EXERCISE OBJECTIVE - From the line that contains "Two smiling people" to the end of the records below, copy every line exactly. Both the first and last of these lines count.

*** Opening of DATA TO USE ***

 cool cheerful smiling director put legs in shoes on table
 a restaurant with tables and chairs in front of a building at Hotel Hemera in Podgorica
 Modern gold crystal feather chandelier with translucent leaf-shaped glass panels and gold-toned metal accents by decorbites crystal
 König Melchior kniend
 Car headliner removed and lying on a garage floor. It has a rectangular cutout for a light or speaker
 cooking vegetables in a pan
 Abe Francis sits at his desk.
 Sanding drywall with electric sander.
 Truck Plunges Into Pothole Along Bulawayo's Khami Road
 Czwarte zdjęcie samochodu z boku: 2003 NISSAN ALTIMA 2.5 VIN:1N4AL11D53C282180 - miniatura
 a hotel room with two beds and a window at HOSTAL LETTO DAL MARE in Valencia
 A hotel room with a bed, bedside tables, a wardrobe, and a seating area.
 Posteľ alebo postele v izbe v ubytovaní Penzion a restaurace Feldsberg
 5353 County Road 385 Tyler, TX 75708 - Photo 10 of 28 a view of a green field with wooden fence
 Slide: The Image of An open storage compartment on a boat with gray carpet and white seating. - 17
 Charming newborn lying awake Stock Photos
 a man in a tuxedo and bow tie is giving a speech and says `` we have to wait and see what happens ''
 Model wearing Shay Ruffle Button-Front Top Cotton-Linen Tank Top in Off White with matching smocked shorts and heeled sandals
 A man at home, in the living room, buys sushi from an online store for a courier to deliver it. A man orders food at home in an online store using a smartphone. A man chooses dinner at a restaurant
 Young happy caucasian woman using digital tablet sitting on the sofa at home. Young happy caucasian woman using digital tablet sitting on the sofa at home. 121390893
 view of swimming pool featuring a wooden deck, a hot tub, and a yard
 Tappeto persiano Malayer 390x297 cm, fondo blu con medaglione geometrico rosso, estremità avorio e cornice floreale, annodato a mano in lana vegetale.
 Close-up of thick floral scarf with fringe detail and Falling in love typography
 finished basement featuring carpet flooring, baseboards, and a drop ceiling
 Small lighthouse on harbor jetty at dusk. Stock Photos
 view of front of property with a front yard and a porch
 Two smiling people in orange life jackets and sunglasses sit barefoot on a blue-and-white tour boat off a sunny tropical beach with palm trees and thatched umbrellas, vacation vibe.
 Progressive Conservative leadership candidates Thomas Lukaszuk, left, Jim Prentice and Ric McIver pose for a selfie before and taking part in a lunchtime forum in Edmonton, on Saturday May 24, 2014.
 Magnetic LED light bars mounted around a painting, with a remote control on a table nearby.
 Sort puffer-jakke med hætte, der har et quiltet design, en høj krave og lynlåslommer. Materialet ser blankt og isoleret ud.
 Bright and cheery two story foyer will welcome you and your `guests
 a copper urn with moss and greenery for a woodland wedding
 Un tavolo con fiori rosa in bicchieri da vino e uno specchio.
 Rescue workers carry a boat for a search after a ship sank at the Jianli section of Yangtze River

*** Close of DATA TO USE ***

ANSWER TO THE EXERCISE -
 Two smiling people in orange life jackets and sunglasses sit barefoot on a blue-and-white tour boat off a sunny tropical beach with palm trees and thatched umbrellas, vacation vibe.
 Progressive Conservative leadership candidates Thomas Lukaszuk, left, Jim Prentice and Ric McIver pose for a selfie before and taking part in a lunchtime forum in Edmonton, on Saturday May 24, 2014.
 Magnetic LED light bars mounted around a painting, with a remote control on a table nearby.
 Sort puffer-jakke med hætte, der har et quiltet design, en høj krave og lynlåslommer. Materialet ser blankt og isoleret ud.
 Bright and cheery two story foyer will welcome you and your `guests
 a copper urn with moss and greenery for a woodland wedding
 Un tavolo con fiori rosa in bicchieri da vino e uno specchio.
 Rescue workers carry a boat for a search after a ship sank at the Jianli section of Yangtze River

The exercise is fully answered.